China’s Foreign Ministry said it was unaware of the list.

“The two governments of China and Pakistan support the formation of happy families between their people on a voluntary basis in keeping with laws and regulations, while at the same time having zero tolerance for and resolutely fighting against any person engaging in illegal cross-border marriage behavior,” the ministry said in a statement, reported AP.

Detained and handcuffed Chinese nationals walk together as they arrive at a court after being arrested by the Pakistani Federal Investigation Agency officials for alleged involvement in a trafficking ring to lure women from Pakistan into fake marriages then forcing them into prostitution in China, in Islamabad on May 9. (Photo by Aamir Qureshi/AFP)

Pakistan’s Christian minority has become the new target of brokers who pay poor parents to marry off their daughters to Chinese men take them back to China. 

Many are then isolated, abused or forced to work as sex slaves.

Christians are targeted because they are one of the poorest communities in Muslim-majority Pakistan. 

The gangs comprise Chinese and Pakistani middlemen and include Christian clergymen, mostly from small evangelical denominations churches, who receive kickbacks to urge parents in their flock to sell their daughters.

The list of 629 women was compiled from Pakistan’s border management system, which records travel documents at airports. Information includes the national identity numbers of the brides, the names of the Chinese husbands and their marriage dates.

Most marriages took place in 2018 and up to April 2019. Officials believe all were sold by their families.

“Chinese and Pakistani brokers make between 4 million and 10 million rupees (US$25,000 and $65,000) from the groom, but only about 200,000 rupees ($1,500), is given to the family,” one official said on condition of anonymity, reported AP. 

He said many of the women who were interviewed spoke of forced fertility treatments, physical and sexual abuse and even being forced to work as prostitutes.

The Federal Investigation Agency sent a report it labeled “fake Chinese marriages cases” to Pakistan’s Prime Minister Imran Khan in September. 

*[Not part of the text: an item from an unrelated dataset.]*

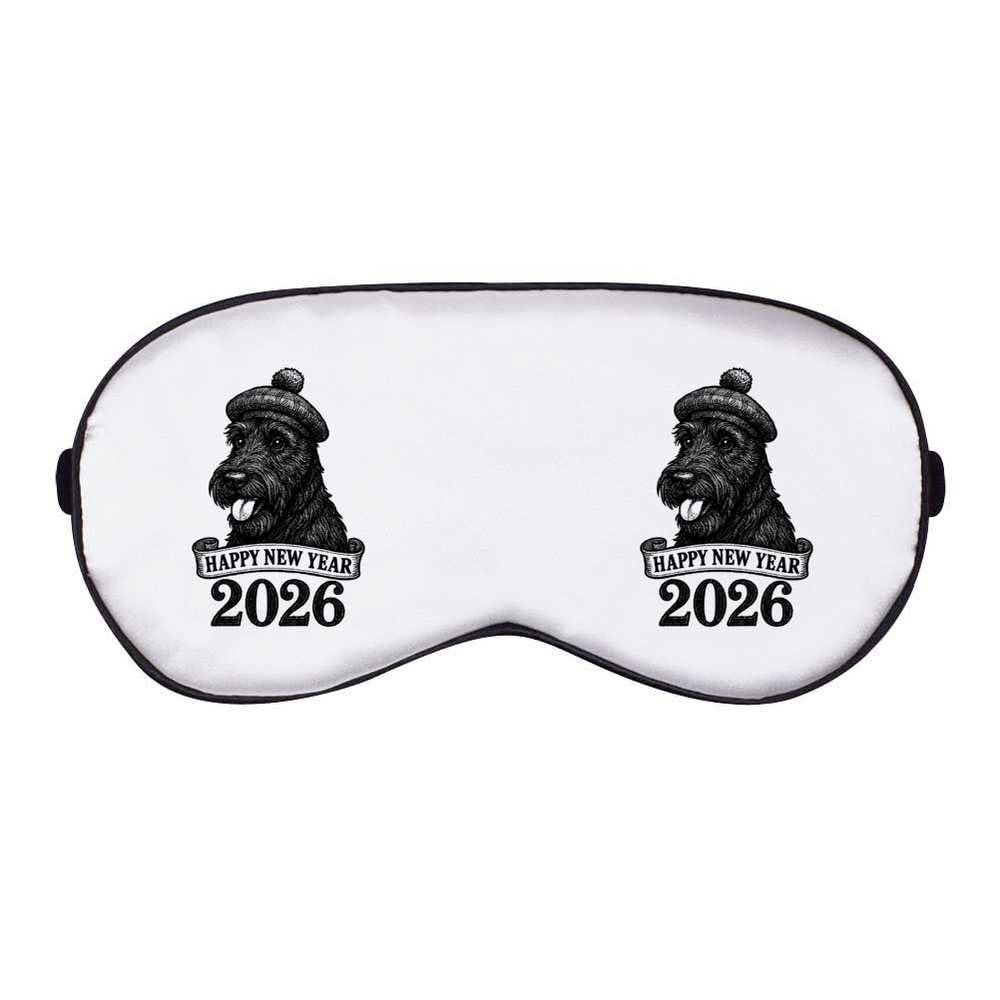 Azeeda 'Happy New Year 2026 Scottish Terrier' Sleep/Travel Eye Mask (EY00033947)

It contained details of cases against 52 Chinese nationals and 20 Pakistani associates in Faisalabad, Lahore and the capital Islamabad. 

They included the 31 Chinese suspects later acquitted in court. The other 21 were granted bail and skipped the country 

The report also said police uncovered two illegal marriage agencies in Lahore, including one at an Islamic center and madrassa targeting Muslim girls.

Rights activists have accused Pakistan of trying to cover up the trade in brides so as not to hurt Pakistan’s close economic ties with China.

China has long been an ally of Pakistan, especially with regard to Islamabad’s tenuous ties with India. Pakistan has benefitted from Chinese military hardware that has included nuclear cooperation

Meanwhile, Pakistan is receiving economic aid under China’s Belt and Road Initiative, to recreate the old Silk Road to connect China to all of Asia. 

This includes a $75 billion infrastructure development package.

The demand for foreign brides in China is a result of demographics caused by state policy, according to Human Rights Watch (HRW).

“Researchers estimate that China now has 30 to 40 million ‘missing women,’ an imbalance caused by a preference for boys and exacerbated by the one-child policy, in place from 1979 to 2015, and ongoing restrictions on women’s reproductive rights,” wrote Heather Barr acting co-director for HRW’s Women’s Rights Division. “This gender gap has made it difficult for many Chinese men to find wives and has fueled a demand for trafficked women from abroad.”

As well as Pakistan, brides are being sourced from across Southeast Asia, as well as Nepal and North Korea, HRW said in a recent report.

Omar Warriach, Amnesty International’s campaigns director for South Asia, condemned how officials in Pakistan and China were “turning a blind eye” to the trade.

“It is horrifying that women are being treated this way without any concern being shown by the authorities in either country. And it’s shocking that it’s happening on this scale,” Warriach told AP.